2. What Is Driving the Market?
The current market has been powered by several forces.
- Artificial intelligence has created a major growth narrative. Companies involved in semiconductors, cloud computing, data centers, software, and AI infrastructure have attracted enormous investor attention.
- These are not speculative startups. Many of the largest technology companies are highly profitable, cash-generating, globally dominant businesses. That makes today’s market different from the late 1990s, when many technology companies had little or no earnings.
- Passive investing has amplified the impact. As more money flows into market-cap-weighted index funds, more dollars automatically go to the largest companies. When those companies rise, they become larger weights in the index, which attracts even more capital from index flows.
This creates a powerful feedback loop. The largest companies get larger. Their influence on the index grows. The index performs well. Investors add more money to the index. More money flows back into the same largest companies. This can continue for a long time. But it also creates risk.
3. Why Diversified Portfolios May Underperform
A thoughtfully diversified 20-stock portfolio may own excellent companies across financials, healthcare, industrials, consumer staples, energy, technology, and other sectors. That portfolio may be fundamentally sound.
But if it does not have the same heavy exposure to the handful of mega-cap technology stocks driving the index, it may lag the S&P 500 during periods of narrow market leadership. This is not necessarily a sign that the portfolio is broken. It may simply mean the benchmark has become unusually concentrated.

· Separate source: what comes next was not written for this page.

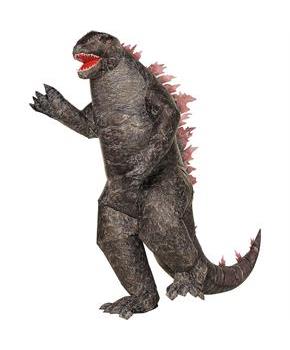 Adults Inflatable Godzilla x Kong: The New Empire Godzilla Costume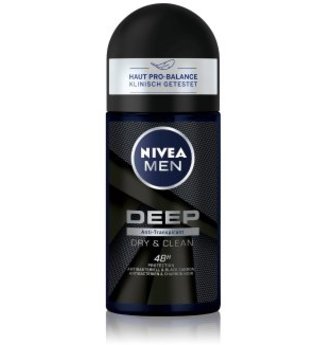 NIVEA MEN Deep Dry & Clean Deodorant Roll-On  50 ml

In other words, a diversified portfolio is not underperforming “the market” as much as it may be underperforming a concentrated group of mega-cap growth companies embedded inside the market. That distinction matters. A portfolio can be well-built and still trail a benchmark that is being driven by a small number of stocks.
4. Great Companies Are Not Always Great Portfolios
This is one of the most important lessons in investing.

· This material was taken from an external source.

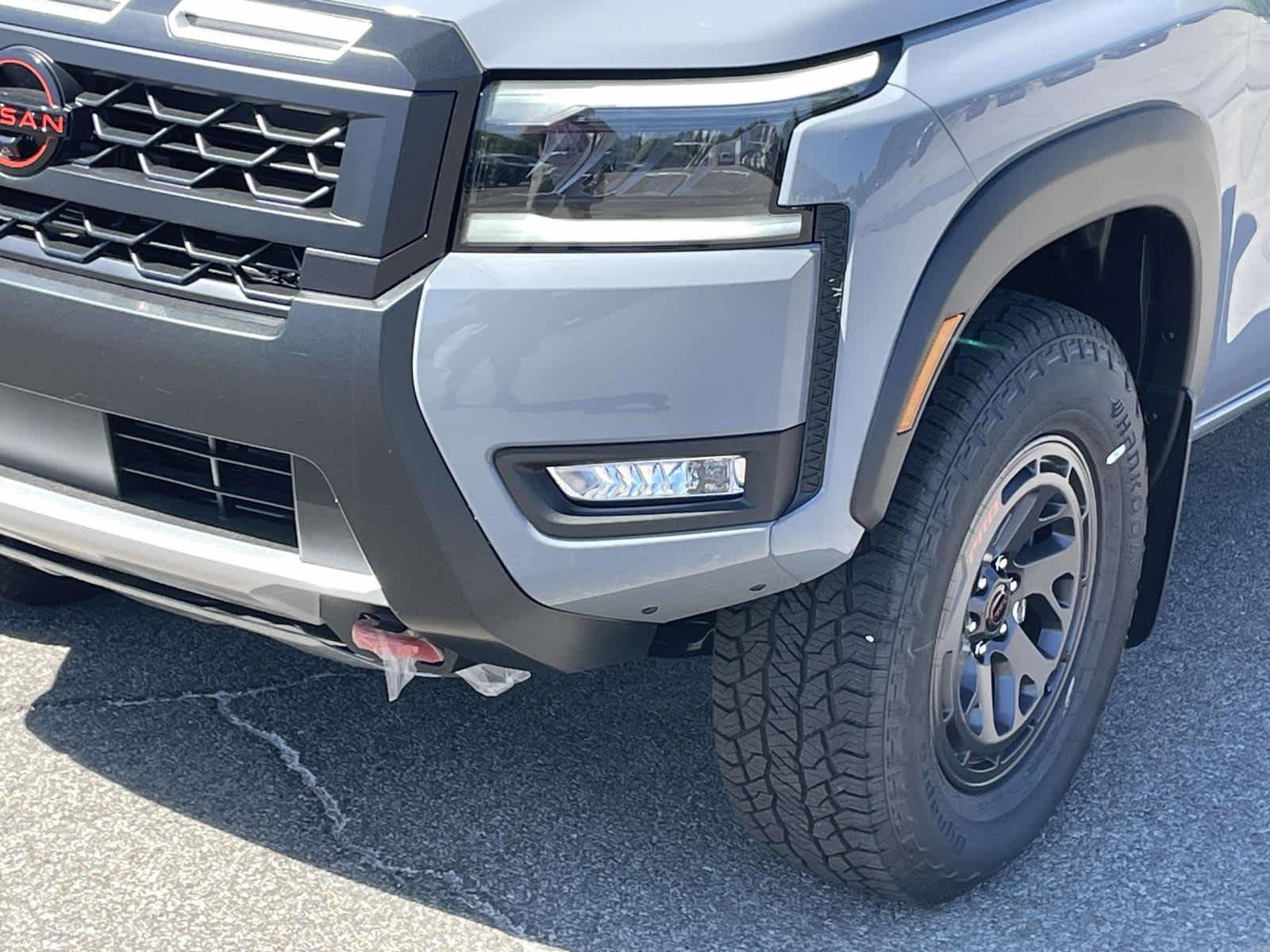 New 2026 Boulder Gray Pearl Nissan PRO-4X image 13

A great company and a great investment portfolio are not the same thing.
A great company can have exceptional products, strong earnings, brilliant leadership, and a dominant market position. But if too much of an investor’s portfolio depends on a small group of companies continuing to outperform, the portfolio may carry more risk than the investor realizes.
The issue is not whether Nvidia, Microsoft, Amazon, Alphabet, Meta, Apple, or other market leaders are good companies. Many of them are extraordinary companies. The issue is whether investors are becoming overly dependent on them.
Even great companies can disappoint if expectations become too high. Even revolutionary technologies can produce poor investment outcomes if investors overpay. Even dominant market leaders can go through long periods of underperformance. The question is not whether artificial intelligence is important — it almost certainly is. The question is whether current prices already reflect a great deal of that future success.
The same is true of even the greatest investors. Warren Buffett is widely regarded as one of the finest investors in history — the company he built, Berkshire Hathaway, compounded at roughly double the S&P 500’s annual return over the six decades through 2024. Yet in this narrow, AI-driven market, Berkshire has trailed the S&P 500 by a wide, double-digit margin so far in 2026. Does that mean Buffett was wrong, or that disciplined, diversified investing no longer works? Almost no one would say so. It simply shows that even a great, time-tested strategy can lag a concentrated benchmark for a stretch — and that trailing the index for a period is not the same as being broken.
5. We Have Seen Similar Periods Before
Every market cycle is different, but history provides useful perspective.
- Early 1970sNifty Fifty
- Late 1990sInternet boom
- Mid 2000sReal estate
- 2010sFAANG
- TodayAI & mega-cap
The Nifty Fifty
In the late 1960s and early 1970s, investors became enamored with a group of dominant growth companies known as the Nifty Fifty. These were considered “one-decision” stocks. The idea was that investors could buy them and hold them forever because the companies were so strong.
Many of those businesses were excellent. The problem was not business quality. The problem was price and investor expectations. When valuations became excessive, many Nifty Fifty stocks produced disappointing returns for years. The lesson was simple: great businesses can become poor investments when too much optimism is already priced in.
The Late 1990s Technology Boom
The late 1990s may be the most obvious modern comparison. The internet was real. Technology did transform the economy. Many of the long-term predictions about digital commerce, software, and connectivity proved correct. But investors still overpaid.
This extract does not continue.